DATA FOR THIS EXERCISE:
────────────────
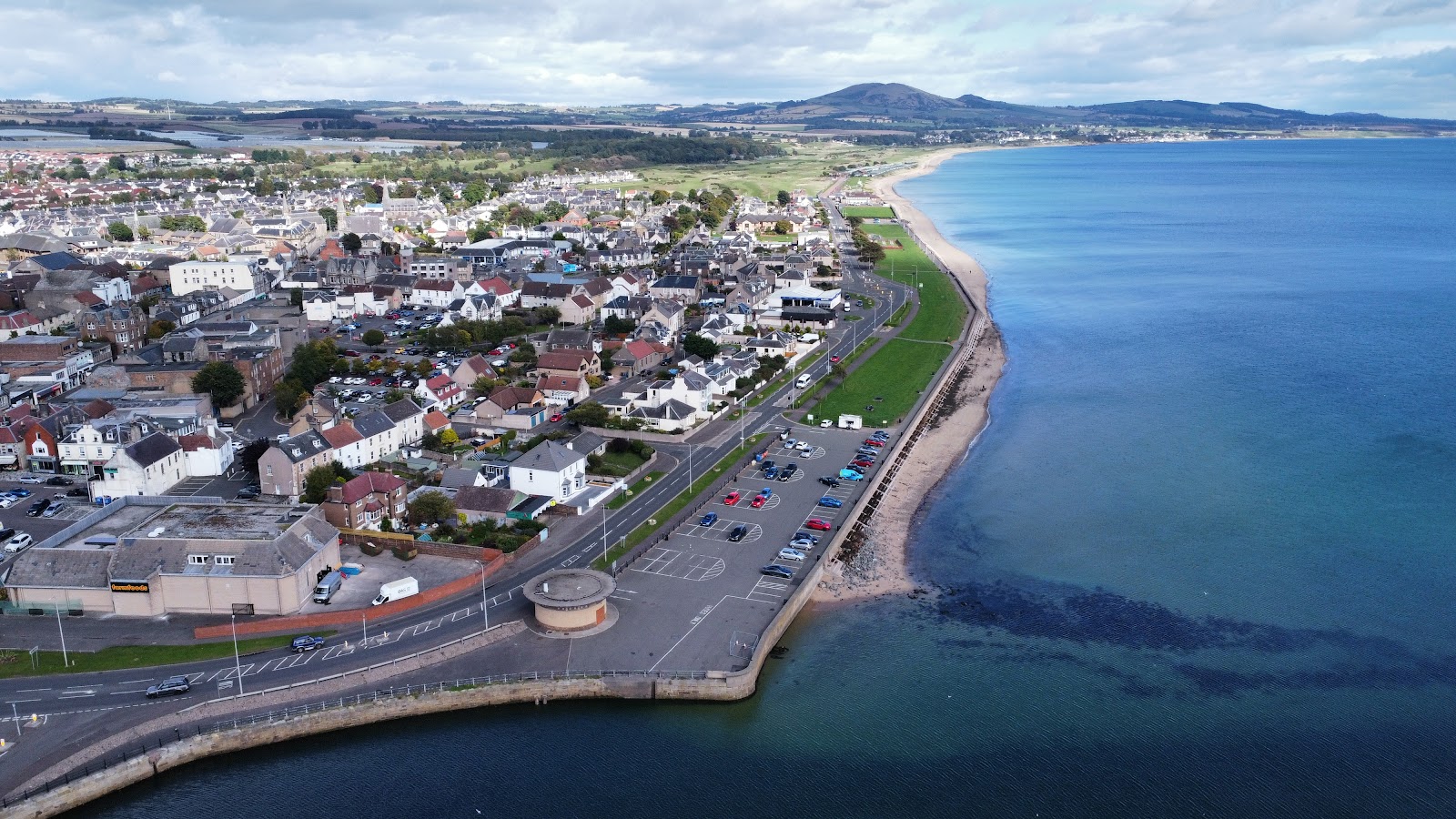 Aerial view of a coastal town's promenade and sandy shoreline curving towards distant hills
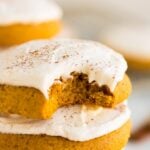 close up of a vegan pumpkin cookie with a bite taken out of one.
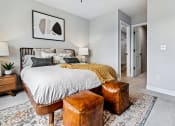 Thumbnail 6 of 30 - a bedroom with a bed and a chair and a closet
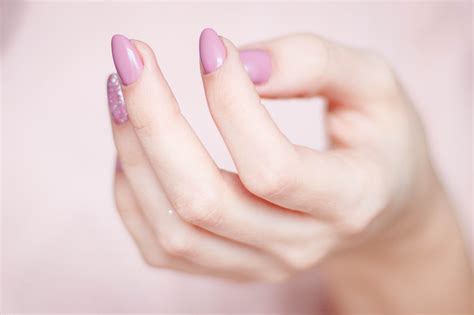 persons hand  pink manicure  stock photo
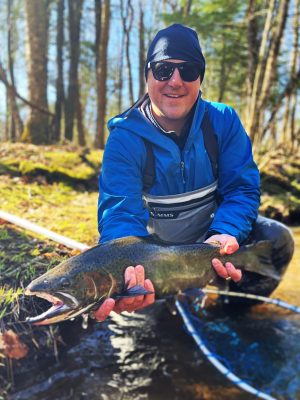 A man wearing athletic clothes and sunglasses holding a fish that is about a foot and a half long. 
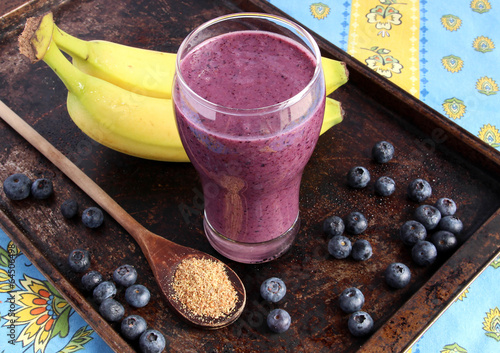 Blueberry smoothie made with banana and ground flax seeds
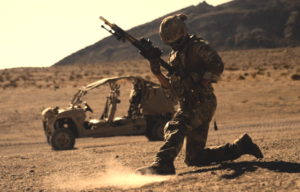 Member of the Royal Marines running in the desert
────────────────
WHAT IS NEEDED:
What you return must match the material above exactly, minus its pictures.

OUTPUT:
 Aerial view of a coastal town's promenade and sandy shoreline curving towards distant hills
 close up of a vegan pumpkin cookie with a bite taken out of one.
 Thumbnail 6 of 30 - a bedroom with a bed and a chair and a closet
 persons hand  pink manicure  stock photo
 A man wearing athletic clothes and sunglasses holding a fish that is about a foot and a half long. 
 Blueberry smoothie made with banana and ground flax seeds
 Member of the Royal Marines running in the desert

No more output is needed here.